Watertown Daily Times, March 20, 1945

   [article includes picture]

 

Solid pipe-and-slippers comfort, that’s what Otto Heyn is enjoying these days.  Otto, who will stride into his 80th year of life on June 24, was better known as Watertown’s hustling downtown newspaper distributor until illness felled him last winter.  He spent 12 days in the hospital getting cured of a lot of ails that had plagued him for several past winters, then hustled over to the home of his niece, Mrs.
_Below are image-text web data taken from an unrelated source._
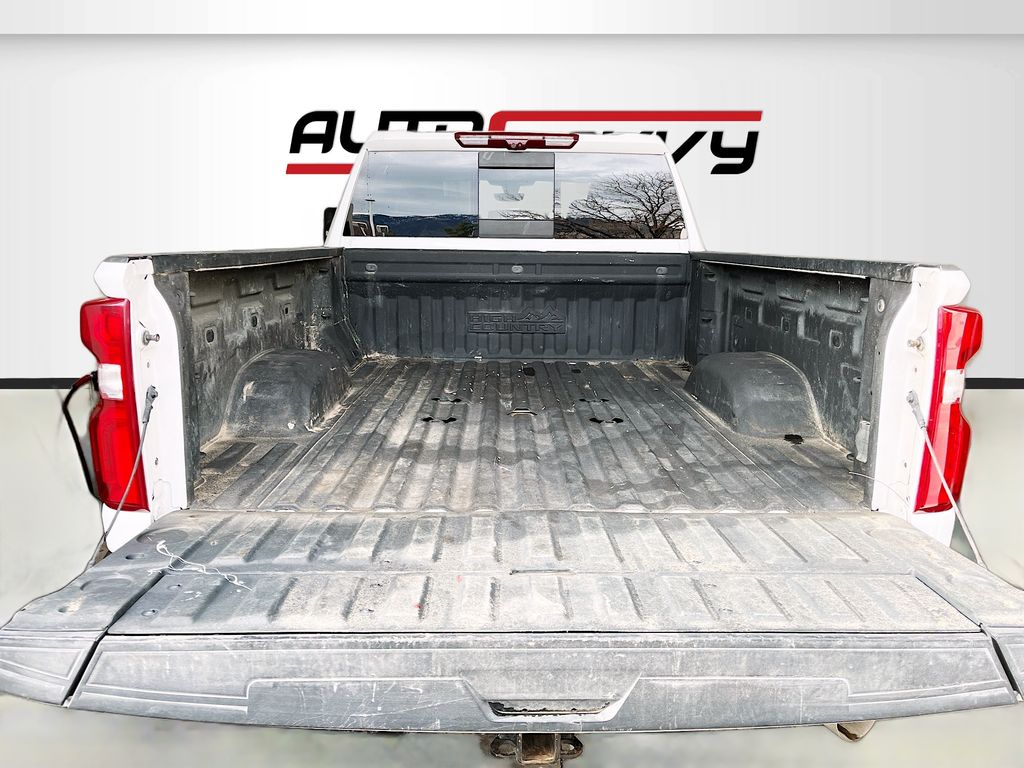 Used 2022 Summit White Chevrolet High Country image 28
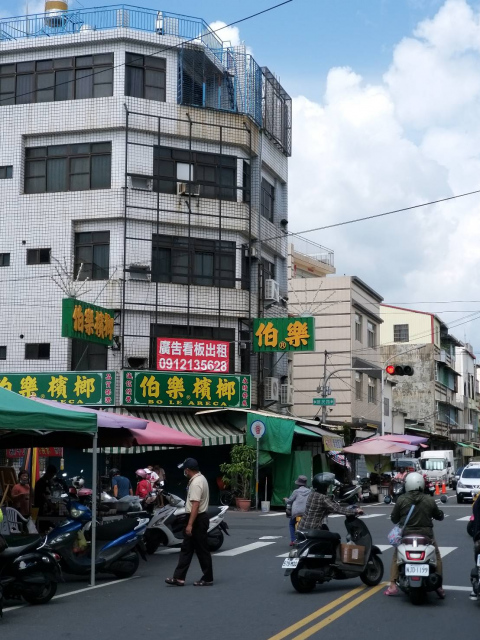 人潮多建國市場出入口！醒目廣告看板！有意者可議價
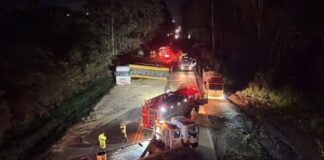 BR-040, Ouro Preto: carreta tomba e deixa via interditada nos dois sentidos BR-040, Ouro Preto: carreta tomba e deixa via interditada nos dois sentidos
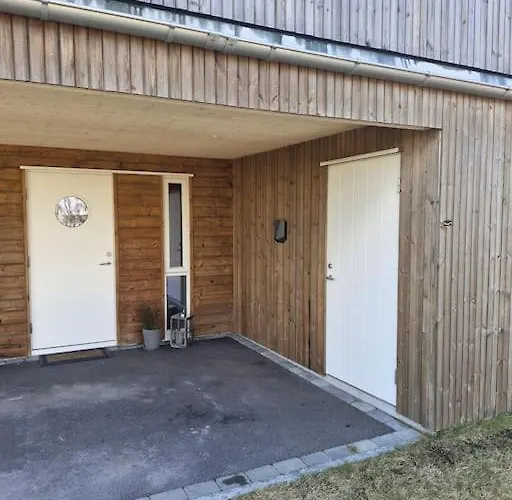 Familievennlig Bolig Med Fine Utearealer
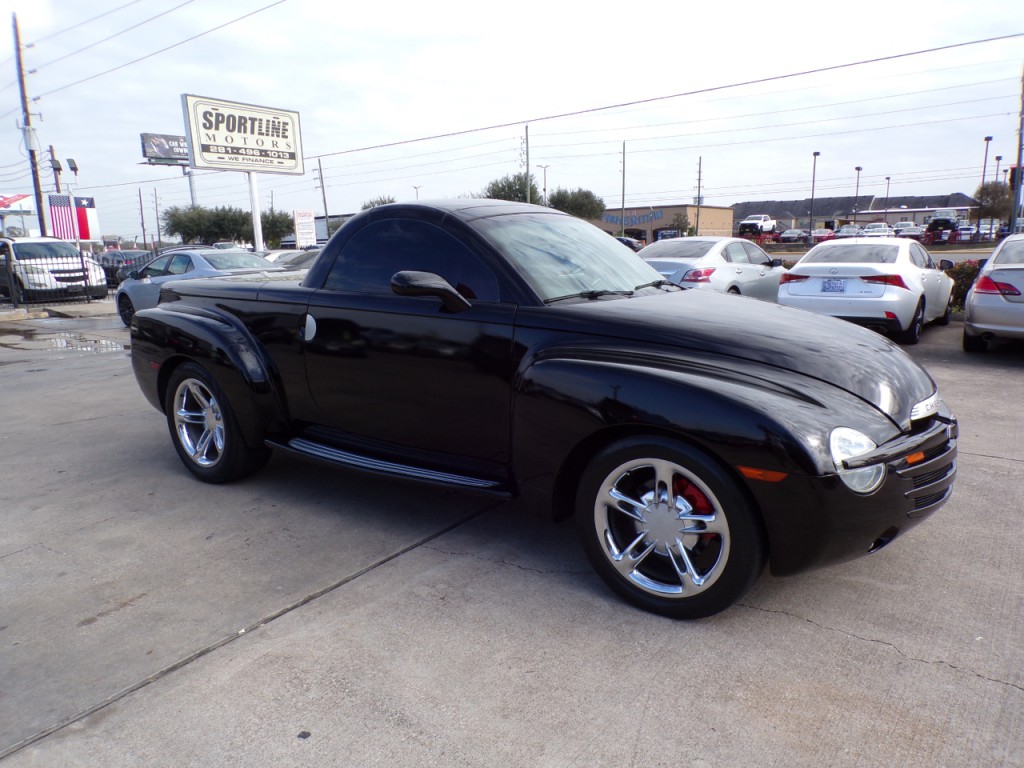 2005 Chevrolet SSR Image 6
Ella Gorder, on Dewey avenue, and is having a good time catching up on some of the comforts of living.

 

Otto’s life has been as interesting as it is long.  When he was a youngster in the province of Saxony, Germany, he learned the book-binder’s trade.  Apprenticeship was a long and arduous period in those days and Otto spent 14 years learning the art at Grafenthal.  While Otto was winning his title as a full-fledged bookbinder his brother, Emil, sailed for America and settled in Watertown where he opened a bakery.  America was then the land of opportunity and as soon as Otto had completed his apprenticeship, he also embarked for the new world.  That was in 1892, and he was just 27 years old.

 

It took him a week to cross the Atlantic, but a flagon of “rugged” German schnapps kept him healthy on the crossing.  Two and a half days by train brought him from New York to Watertown.  Soon thereafter he opened his first bookbindery in the city at 217 North Fourth Street.

 

Life in those days was marked by true gemuetlichkeit and business was good for the young merchant.  The so-called “dime stores” were still to come, and Otto’s business in school supplies, greeting cards and stationery boomed.  He did much bookbinding for the city’s churches and for Northwestern College.  Newspaper distribution was a sideline.

 

Most of the town’s buildings were wooden single-story structures, Otto recalls, with an occasional two-story one interspersed along the main stem.  Hitching rails lined the streets, since the oat-burning horse had still to be frightened by the first horseless carriage.  Watertown was a good business town then even as it is now, Otto says.  German-speaking people were numerous and Otto had no difficulty in getting along on his limited English vocabulary.  Otto soon needed room for business expansion so he moved to a place near the present Piper Leather goods store on Main street, and later slipped farther downtown to 410 (sic, should be 411) N (sic, should be E) Main.  His final move was to 5 Main street, the place he occupied until illness forced him to retire last winter.

 

The wily little “Dutchman” recalls that the Daily Times was one of his best sellers right from the start.  People used to line up at his stand waiting for the paper to come off the presses, and he had a large group of newsboys distributing throughout the city.  His earlier businesses had such volume that he had to hire four clerks, but in more recent years he attended to the work alone.

 

Never one to travel much, though he did make a few vacation trips to northern Wisconsin, Otto’s circle of activities grew smaller as the years went by and he found himself spending more and more of his spare time with intimate friends in his Main street business house.  They’d have a game of sheepshead, or just smoke a few pipefulls and talk things over.  With his wife, a son and his brother deceased, he found little interest in other social activity.

 

This life close to his friends and his daily stint of newspaper distribution along Main Street is what he misses most.  His health, however, has been coming back fast and few are the days that pass without an afternoon visit to the downtown area.  He’s waiting, almost impatiently, for warmer weather so he can spend more time with his friends chatting on a park bench or strolling around downtown.